Bug Bounty Evolution: Not Your Grandson's Bug Bounty

Presented at Black Hat USA 2022, Aug. 11, 2022, 10:20 a.m. (40 minutes).

Bug Bounties, once heralded as a security best practice, are growing stale without ever having brought the revolutionary security benefits and great ways to earn a living to the masses that proponents like me dreamed of. What have we been getting wrong and what can we do to save security and our souls?

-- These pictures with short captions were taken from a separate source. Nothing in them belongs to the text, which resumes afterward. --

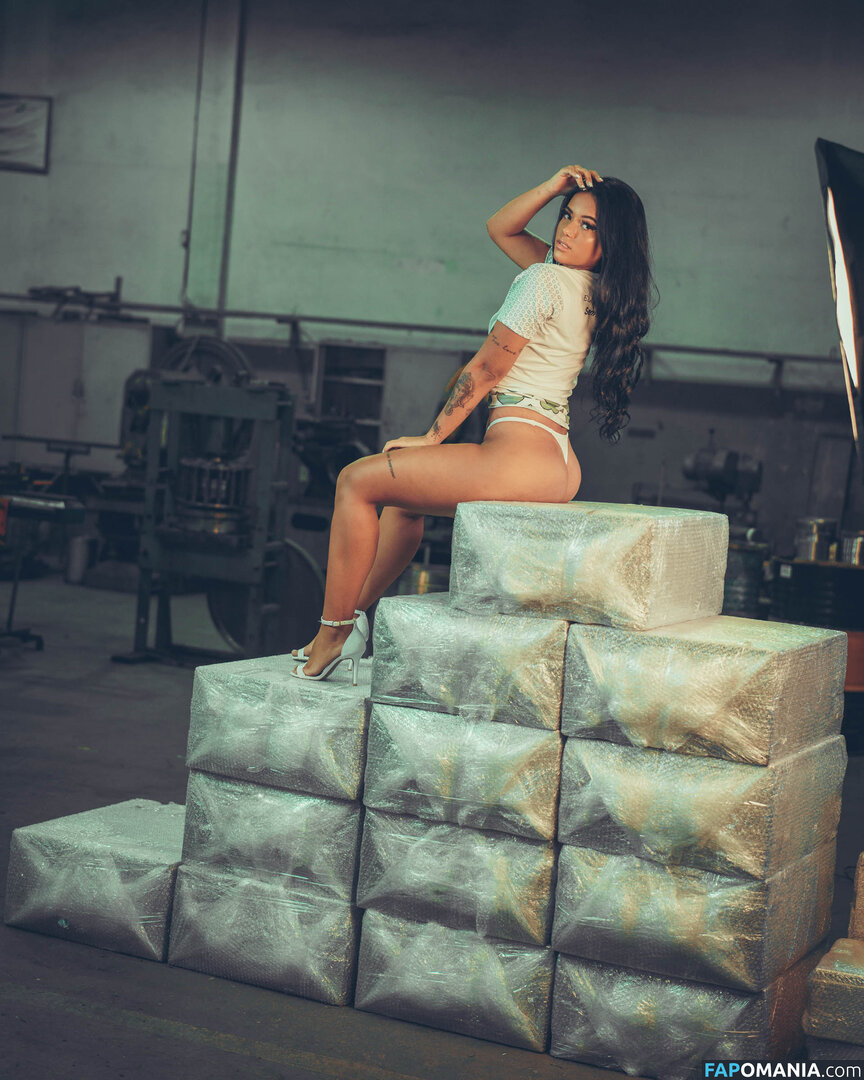 Combustível Sem Imposto / combustivelsemimposto Nude OnlyFans  Leaked Photo #173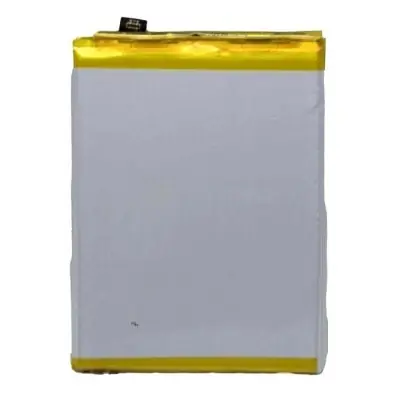 Battery for Realme 3 Pro image 2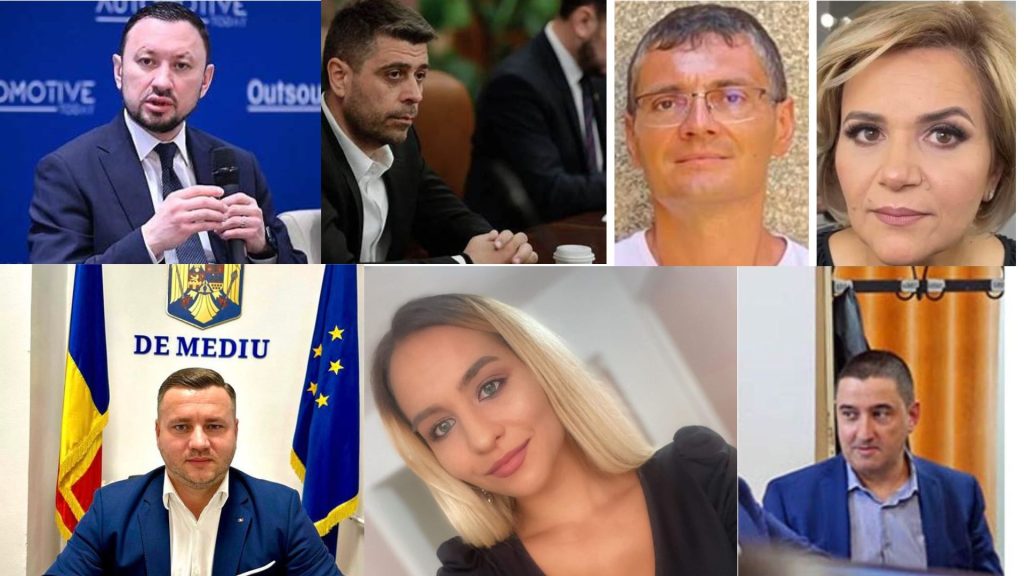 operațiunea-'jupiter'---mascarada-serviciilor-pentru-a-proteja-politicienii-care-au-jefuit-bugetul-de-stat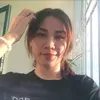 cuu_thien_minh_tamdien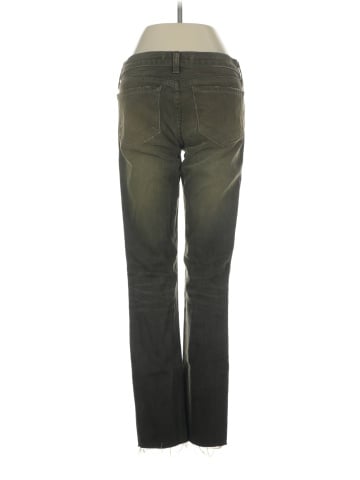 J Brand Jeans (view 2)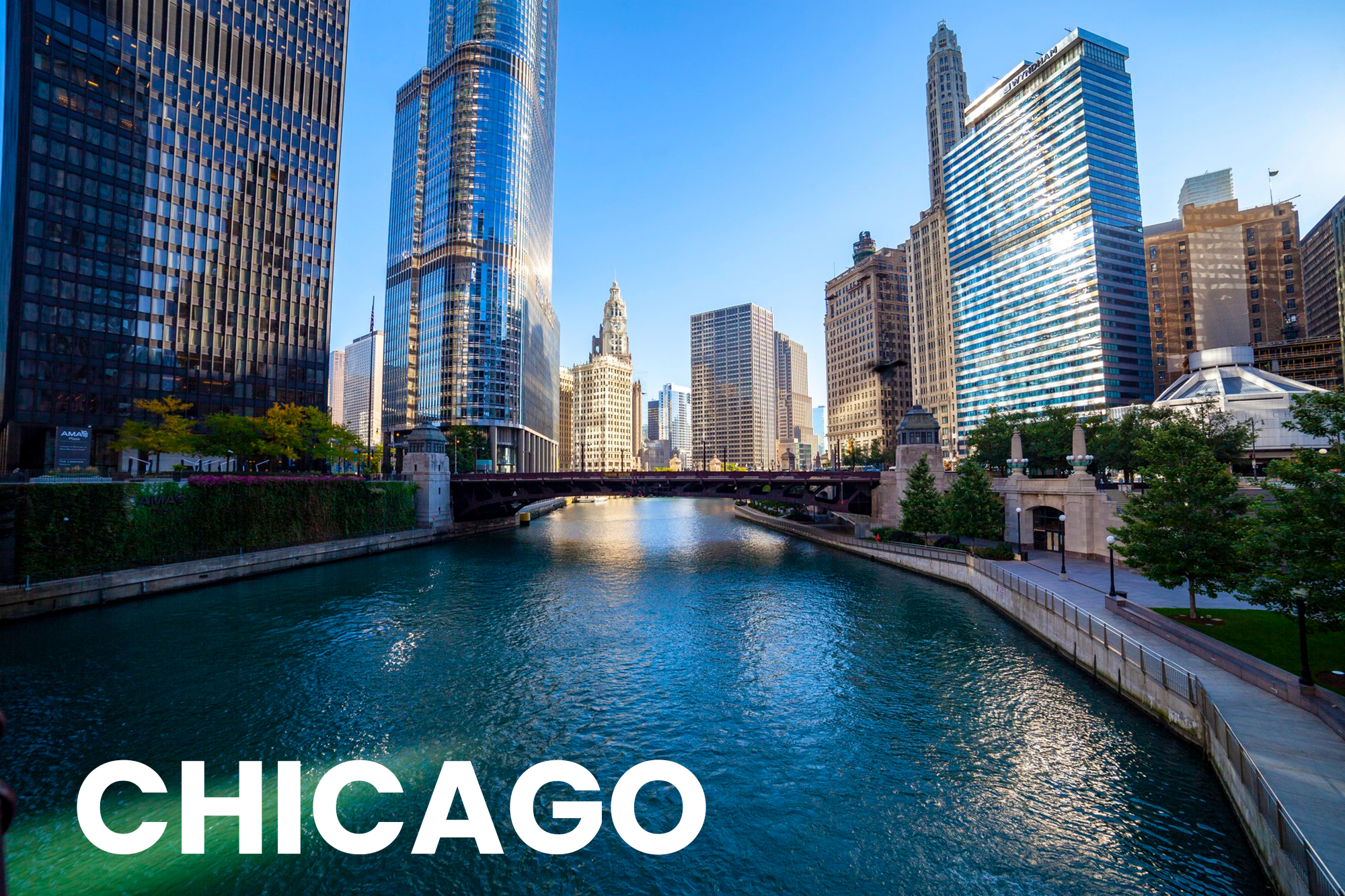 Chicago-Illinois-Submetering-and-Utility-Billing-Services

Before Google invigorated the bug bounty practice in 2010 by paying nearly triple the going rate that Mozilla set in the mid-1990s, bug bounty programs had received little fanfare during their previous 20 years of existence. Then, in 2013, when these programs were still not considered mainstream for most organizations, Microsoft launched its programs with the largest bounty amounts in the industry by any software vendor at the time. Then, in 2016 came Hack The Pentagon, and suddenly everyone was either running a bug bounty program or wanted to run one.

Where are we now and what have we learned since 2010? Were the myths of being able to compete on price with the offense market true or was it all just marketing by VC-backed bug bounty platforms? Is there an alternative solution for hackers who currently get treated like disposable workers? What's the best path forward for hackers, organizations, and the security industry now that we have seen over a decade of modern bug bounty programs in practice?

This talk is for the dreamers, the wishers, the post-modern risk economists, the hackers of labor systems, the destroyers of status quos. This is not your grandson's bug bounty.


Presenters:

  • Katie Moussouris - Founder & CEO, Luta Security
    Katie Moussouris is the Founder & CEO of Luta Security. As a computer hacker with more than 20 years of professional cybersecurity experience, Katie has a unique and unparalleled perspective on security research, incident response, vulnerability disclosure, and bug bounty programs. Currently, Katie serves as the founder and CEO of Luta Security. During her tenure with Microsoft, her work included industry-leading initiatives such as starting Microsoft Vulnerability Research, which formalized multiparty vulnerability and supply chain vulnerability coordination across hardware and software as well as launching Microsoft's first bug bounty program. Katie is also the co-author and co-editor of ISO 29147 (vulnerability disclosure) and ISO 30111 (vulnerability handling processes). Working with the Department of Defense, Katie led the launch of the U.S. government's first bug bounty program, "Hack the Pentagon." She also worked with the State Department to help renegotiate the Wassenaar Arrangement, specifically changing the export control language to include technical exemptions for vulnerability disclosure and incident response. Katie serves in three advisory roles for the U.S. government as a member of the Cyber Safety Review Board, the Information Security and Privacy Advisory Board, and the Information Systems Technical Advisory Committee. She is a cybersecurity fellow at New America and the National Security Institute. Katie is also the founder of the Pay Equity Now (PEN) Foundation, and through the PEN Foundation, she established the Anuncia Donecia Songsong Manglona Lab for Gender and Economic Equity at Penn State Law in University Park. Additionally, she served as a visiting scholar with the MIT Sloan School, a Harvard Belfer affiliate, and an advisor to the Center for Democracy and Technology. In 2018, Katie was featured in two Forbes lists: The World's Top 50 Women in Tech and America's Top 50 Women in Tech.